#### [TO DO]
Beginning at the line that holds "В аренду: $5,700", repeat every line through the last line of the material, exactly, and drop any pictures.

#### [SOURCE DATA]
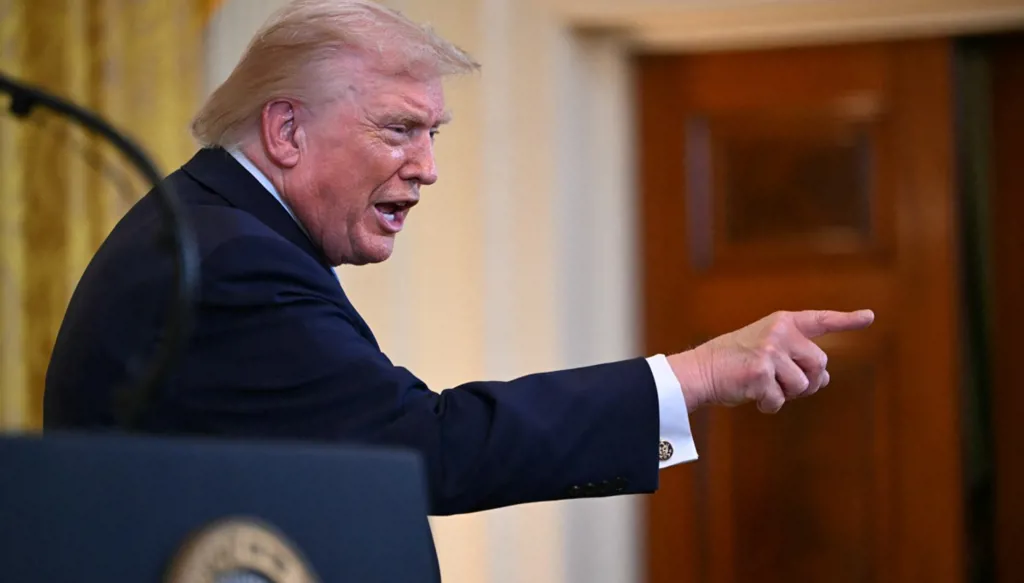 ترامب يكشف أن أحمد الشرع وقّع عقد التنازل عن الجولان ومرتفعات جبل الشيخ؟ النهار تتحقق FactCheck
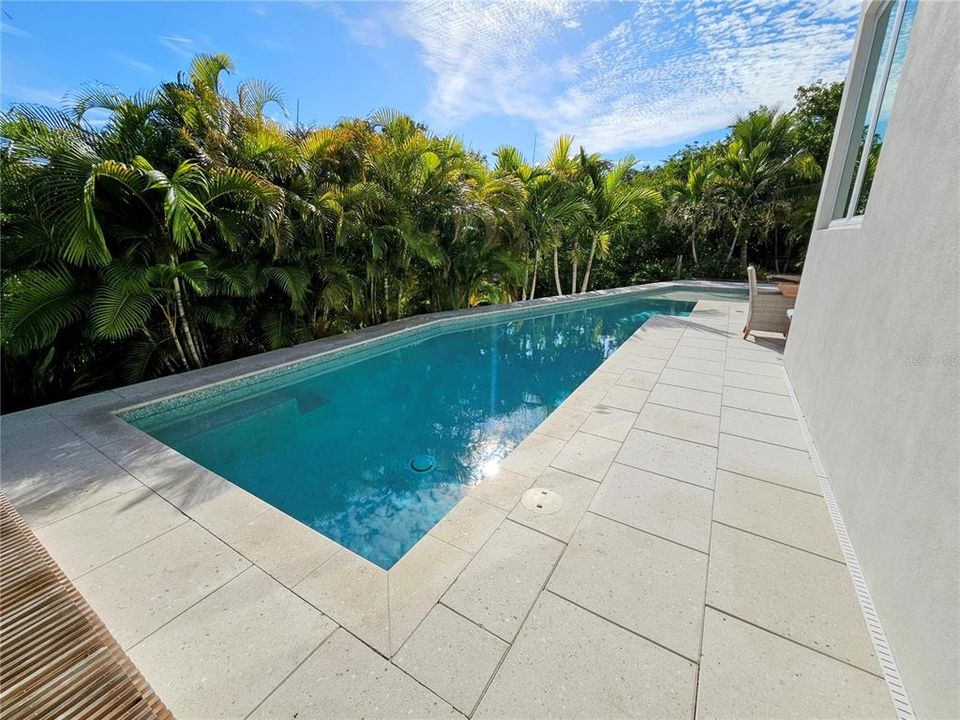 В аренду: $5,700 (3 спален, 2 ванн, 1599 Квадратных фут)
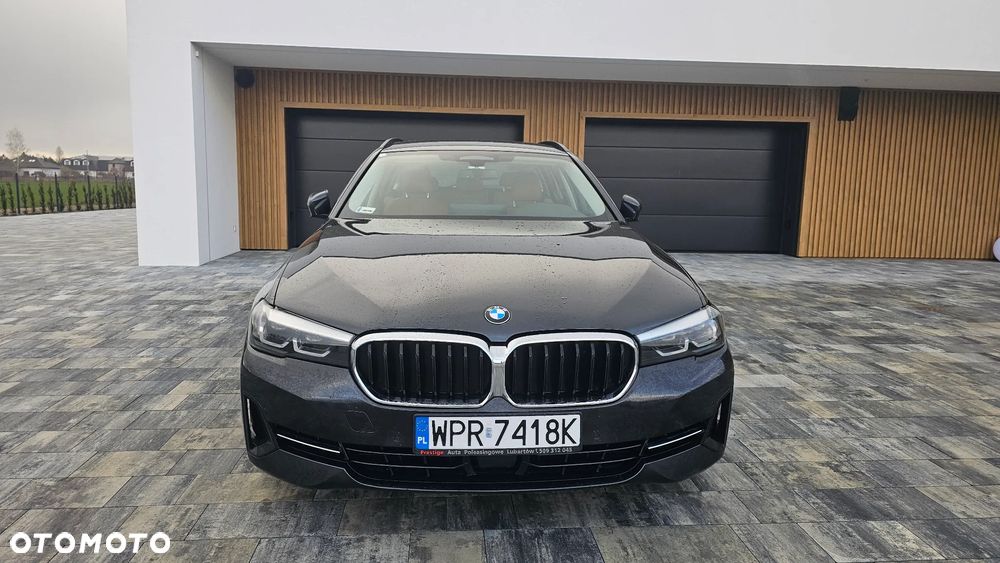 BMW Seria 5 520d xDrive mHEV - 1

#### [WRITTEN ANSWER]
 В аренду: $5,700 (3 спален, 2 ванн, 1599 Квадратных фут)
 BMW Seria 5 520d xDrive mHEV - 1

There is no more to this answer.